Both men were primarily motivated by money, but their willingness should not be overlooked. Gans-McGovern VII was on.
McFadden arrived in San Francisco on the 9th of June 1902; Gans was just a few days behind him. Gans was remarkably confident for a man who had previously been knocked out by his opponent, although as was almost always the case pre-fight, much of his talking was done by manager Al Herford.
If talk was cheap then the public were buying; Gans was made a significant favourite in the betting, which would nevertheless remain light. Herford was disgusted at the odds. “I think Gans will win sure,” he told pressmen, “but I have been at the ringside every one of the six times they have come together before and I know it is not a 2 to 1 bet that my man will win.”
As far as I can tell, the two-thousand dollars he wished to wager remained in his pocket.
“The fight will take place at Woodward’s Pavilion,” reported the San Francisco Examiner. “Both men are reported to be in splendid shape and should the contest be honestly fought those who attend will doubtless be treated to a boxing exhibition of the highest order.”
As we saw in Part Two, however, Chicago cast a long shadow.
“Unfortunately,” continued the Examiner, “…the remembrance of shady transactions in the career of Joe Gans have incurred a feeling of doubt in the minds of ring patrons that is difficult to remove. Of his several notorious fakes, the one with Terry McGovern in Chicago, on December 13, 1900, stands out from all the rest, and is still fresh in the memory of those familiar with his record.”
McFadden declared himself in the finest of condition; the Examiner agreed “his general appearance denotes the truth of his words.”
His general appearance, perhaps, was deceptive; then again, perhaps Gans really had improved beyond measure between 1899, when these two were marked as equals, and 1902 when Gans made himself forever McFadden’s superior. The fight was neither close nor difficult, but it nevertheless divided onlookers: was it real, or had Gans once again been involved in a fixed fight?
The wire report was both succinct and in essence tells the reader all they needed to know about the action as it occurred:
“The fight was an unsatisfactory one. In the first two rounds McFadden was slow and did nothing but block. In the third, Gans landed a stiff left on the jaw, following it with a right in the same place, putting McFadden out.”
The devil though, as always, is in the detail. First and foremost, it must be noted that McFadden often started slowly and with an emphasis on defence and this was not uncommon when he met Gans.
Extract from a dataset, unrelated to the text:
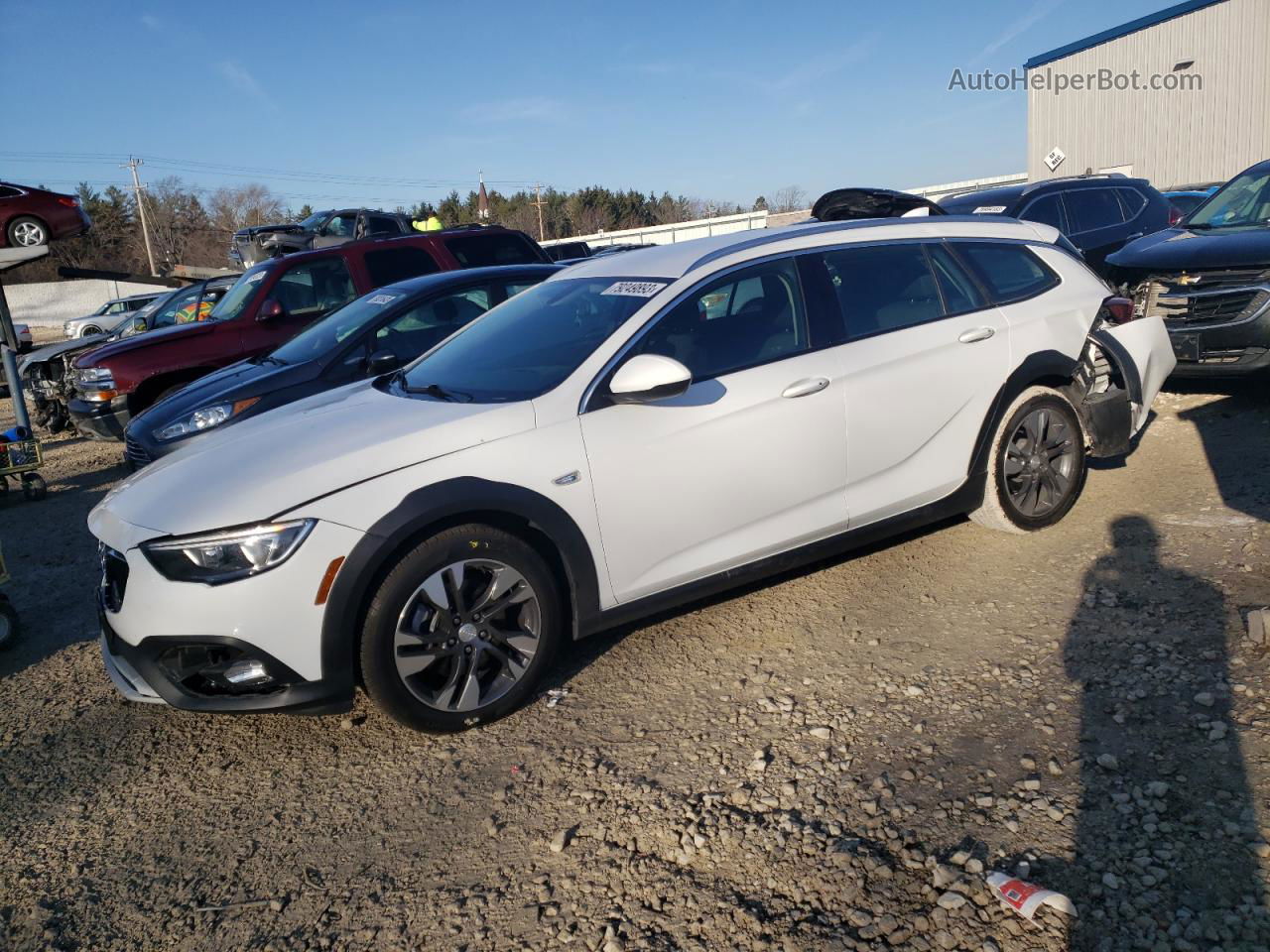 2018 Buick Regal Tourx Preferred White vin: W04GU8SX2J1094657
McFadden appeared to feel his way into fights in order to achieve his best results, which is why he had given Gans such terrible trouble over the longer distance. McFadden waiting and blocking was not unusual but drew ire in the light of the early stoppage.
The Chronicle saw a legitimate fight, but a deeply unsatisfying one.
“Gans was declared the winner of the whatever the bout may be called,” ran the story on page four the day after the match, “certainly not a fight, for it takes two men to fight; perhaps assault would fit the case better.”
The Call, too, called it above board but below par:
“There is not the slightest possibility of the fight being a “fake” in the sense of being prearranged. It was simply an unfortunate match, which looked well on paper, only to prove a fizzle when the men faced one another in the ring.”
But the Examiner saw a different fight.
Under the headline “Sporting Public Swindled by Another Fake Fight” it printed that “The farce was kept up for three rounds…[t]here was not at any stage of the game enough pretence of fighting to delude the spectators. Before the first round was half over they began crying, “Fake! Fake!” These cries increased as the exhibition progressed, McFadden never letting go a blow that was intended to hurt and Gans declining to punch his opponent’s waiting jaw when it was held up to him.”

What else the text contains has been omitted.